When it was time for Drake to hit the road with his “Would You Like a Tour” production, he turned to Strictly FX to provide lasers, pyrotechnics, cryo and smoke effects. “As an effects provider and design partner, Strictly FX certainly delivers,” notes Drake’s Lighting Designer Guy Pavelo.
Like many shows, the design arc changed throughout pre-production, which could have been problematic from an effects standpoint. It was not. “When the artist wants to change something, the answer I receive from Strictly FX is ‘no problem we’ll make it work and take care of it.’ With other firms, I have to listen to every other reason under the sun why they won’t take the time to do it,” explains Pavelo.
There are seven full color high powered lasers in the production, located in the air and on the ground, as well as four full color low wattage lasers. The show was programmed on a Pangolin Beyond console by David Kennedy. “We don’t use the standard console files – we do all the cueing and programming from scratch. That’s our philosophy, and it’s not common in our industry,” notes Kennedy.
In a departure from the norm, the lasers used on the Drake production are fairly static, which fits in stylistically with the minimalistic feel of parts of the show. “They wanted a consistent solid look within a song that suited the vision of Drake and his creative team,” Kennedy explains.
The lasers also work in tandem with the video on the song “The Language” which brings a new dimension to the production. Pavelo explains, “During that song, we use green lasers, which are very visually powerful. The content is night vision war footage from Iraq and Afghanistan, and the green lasers tied in very well with that.”
Audience scanning is also done with the lasers under the auspices of the DRH (formerly the CRDH) variance. “The lasers we’re using are the maximum allowable audience scanning power under U.S. law,” notes Ted Maccabee, Partner and Visuals Director at Strictly FX. The scanning is another laser technique used to bring the audience into the immersive environment of the show.

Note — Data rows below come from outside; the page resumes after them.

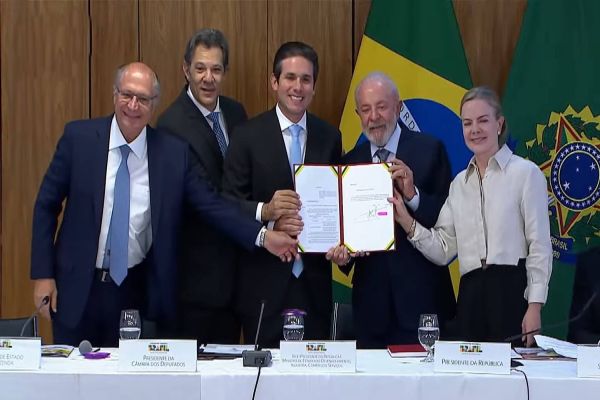 Lula assina projeto de lei que isenta Imposto de Renda para quem ganha até R$ 5 mil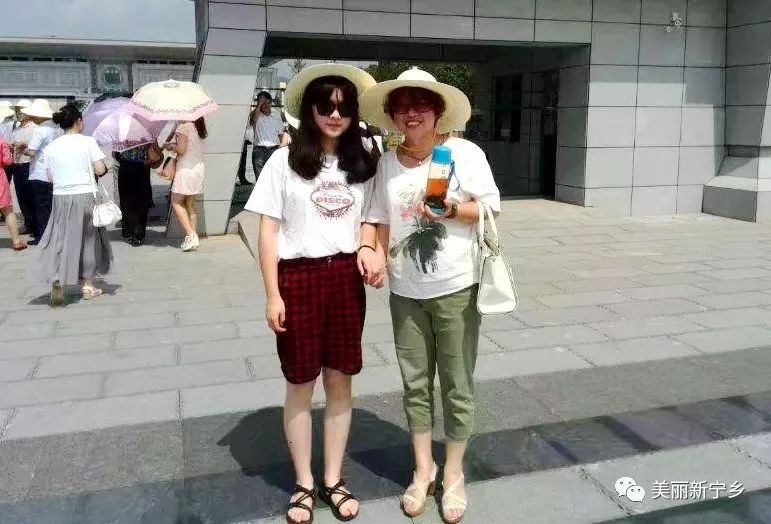 父母爱情故事：母亲中风后的感人经历与家庭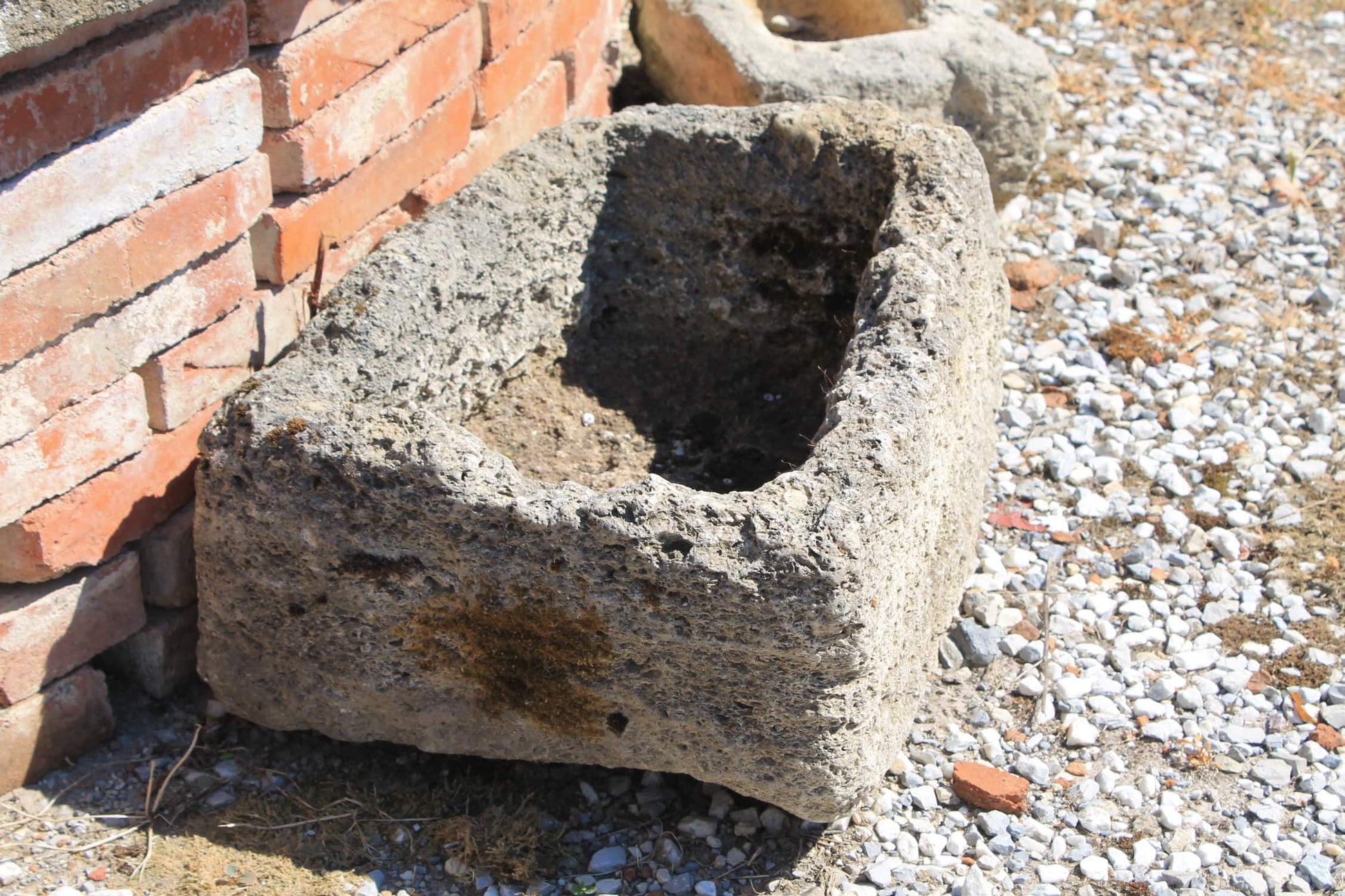 Vaschetta in pietra da giardino piccola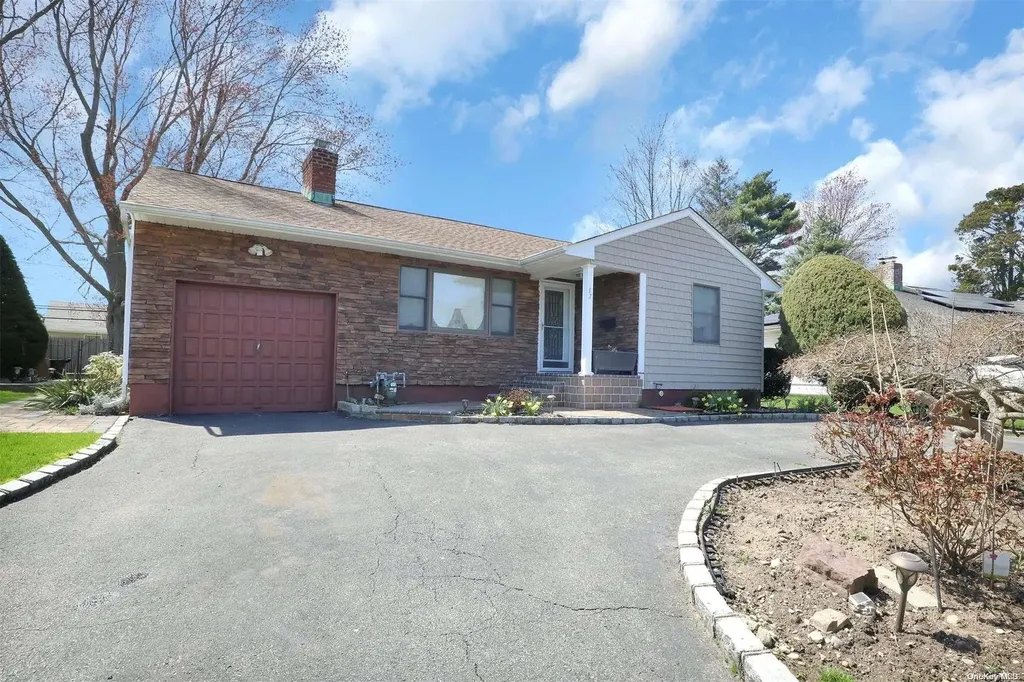 53 Gary Road Syosset NY 11791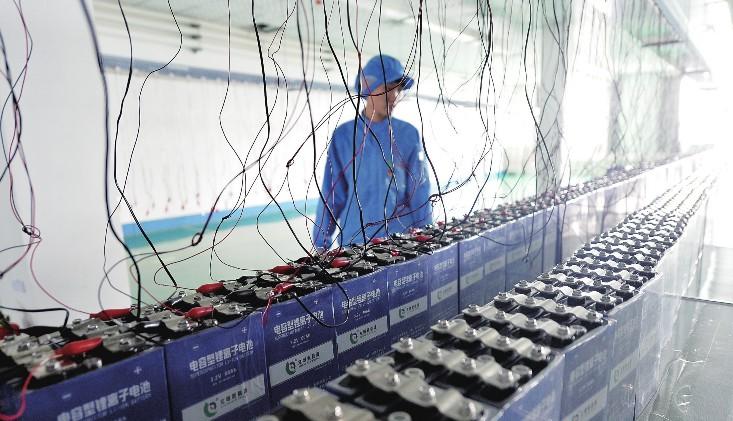 遼寧年產(chǎn)1.5億安時電容型鋰離子電池生產(chǎn)線投產(chǎn)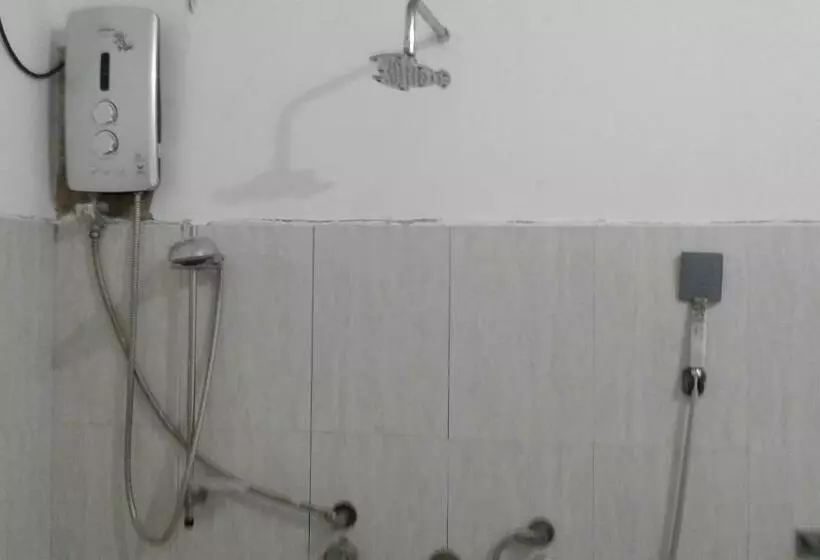 پانسیون Masha Beach Inn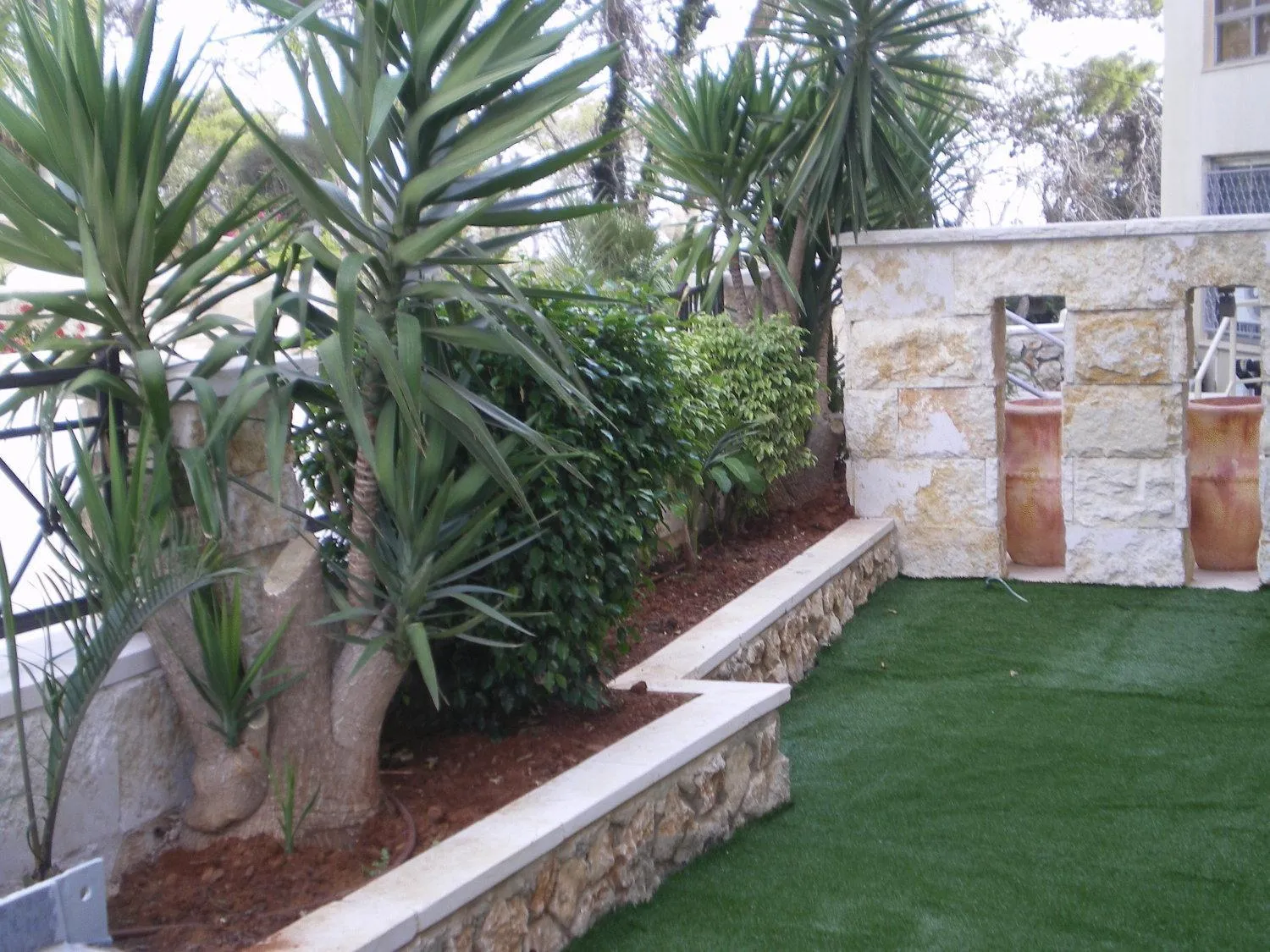 Area and facilities in Marom Hotel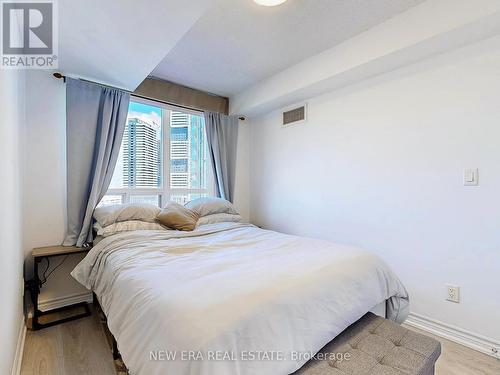923 - 3888 Duke Of York Boulevard, Mississauga, ON - Indoor Photo Showing Bedroom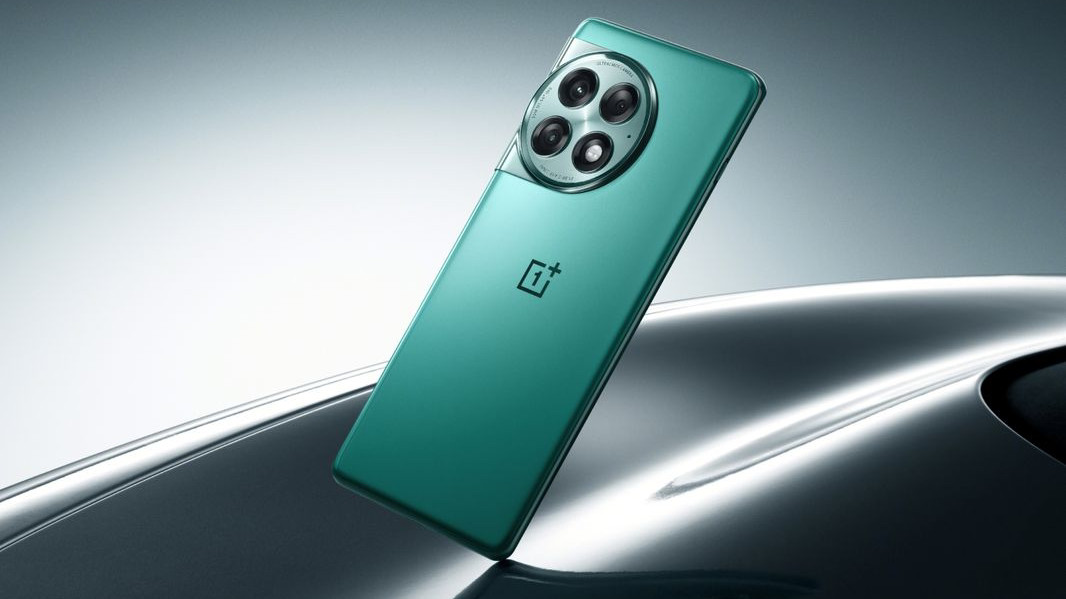 OnePlus Ace 2 Pro green color cropped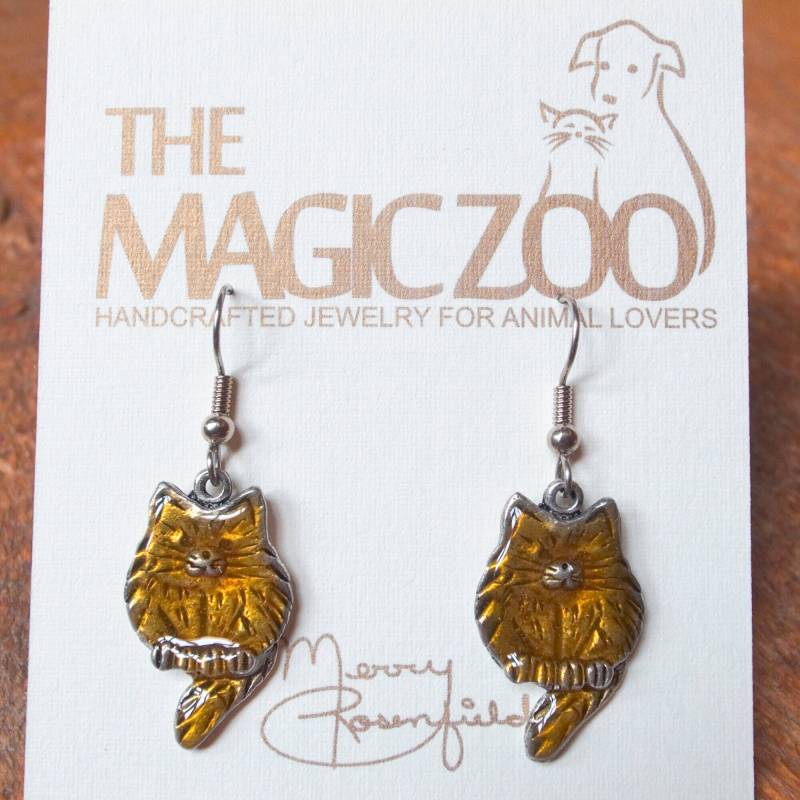 Emaille Braune Fat Cat Ohrringe von TheMagicZoo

Kennedy explains, “The audience scanning adds a lot of dimension to the show. Even though they’re lower powered lasers, they cut all the way across the arena, and it’s a beautiful look- they make it 50’ to 75’ past the Sharpy beams, which creates a pretty effect that’s coming out to the people in the more distant seats.” The effect is exactly what the design team envisioned. “Its’ a great addition to the production and we’ll start to exaggerate it more as the show goes on,” Pavelo reports.
Pyrotechnics, in the form of mines, airbursts, starbursts, gerbs and comets are also part of production. “The quality of the pyro product from Strictly FX is superior- there’s better color, better duration, and less smoke in the products that are supposed to have less smoke,” says Pavelo.
During the song “From Time,” live pyro in the form of glitter mines are merged with the video, creating a synergistic whole. “The product that was chosen by our pyro designer Reid Nofsinger was a great choice- it really tied everything back together and it was a big success,” says Pavelo.
Drake is also a fan of both cryo and low smoke. There are 14 CO2 jets that are featured during “Pop That” and “HYFR.” As for the low smoke, provided by two LSG units, Pavelo reports, “The first time Drake saw them; he was ecstatic and loved it. Needless to say, we’re using low smoke and it makes the song ‘Hold On, We’re Coming Home’.”
On the road with Drake are Pyro Designer/Pyro Operator Reid Nofsinger, Cryo Technician Jon Taylor Cryo/Laser Technician Matt Luciano and Laser Operator Nick Curry. “This is a challenging, ever changing production, and I’m very proud that our crew has been able to step up and continue to provide the high quality design and production services that Drake and his creative team require,” notes Maccabee.
The tour, which began earlier this fall, is slated to be in the U.S. until the middle of December, and then travels to Europe in March of 2014.